» **Try it**
From the entries that follow, copy each line in which "Home" appears.

» **Exercise material**
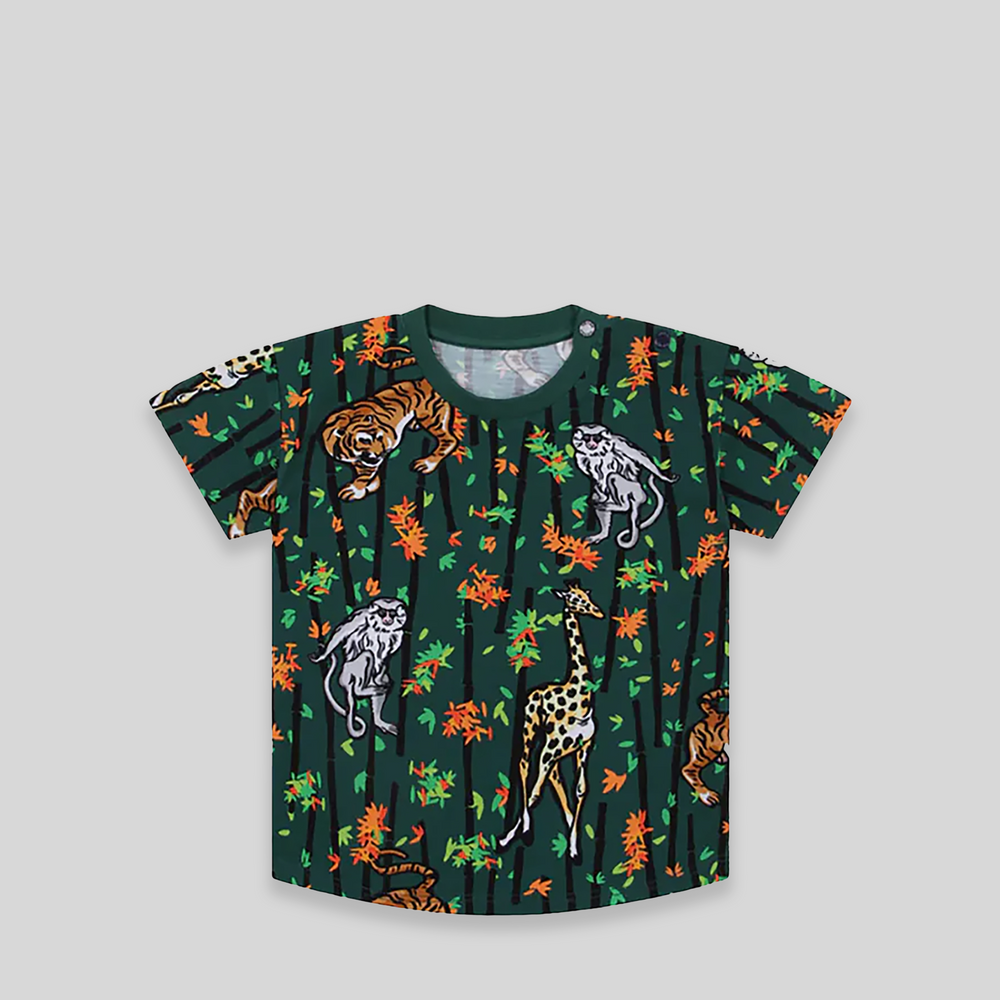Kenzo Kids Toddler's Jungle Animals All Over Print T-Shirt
---
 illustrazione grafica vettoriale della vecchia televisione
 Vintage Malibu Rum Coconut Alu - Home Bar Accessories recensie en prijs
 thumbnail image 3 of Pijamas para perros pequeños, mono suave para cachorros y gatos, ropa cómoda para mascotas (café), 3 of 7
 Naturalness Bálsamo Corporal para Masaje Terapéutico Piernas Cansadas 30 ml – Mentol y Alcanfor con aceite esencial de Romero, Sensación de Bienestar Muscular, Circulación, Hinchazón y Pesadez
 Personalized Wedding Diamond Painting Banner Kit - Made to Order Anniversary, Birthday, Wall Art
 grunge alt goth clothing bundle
==
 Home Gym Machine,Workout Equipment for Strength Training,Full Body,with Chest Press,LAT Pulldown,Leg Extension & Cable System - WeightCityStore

» **Solution to this exercise**
 Vintage Malibu Rum Coconut Alu - Home Bar Accessories recensie en prijs
 Home Gym Machine,Workout Equipment for Strength Training,Full Body,with Chest Press,LAT Pulldown,Leg Extension & Cable System - WeightCityStore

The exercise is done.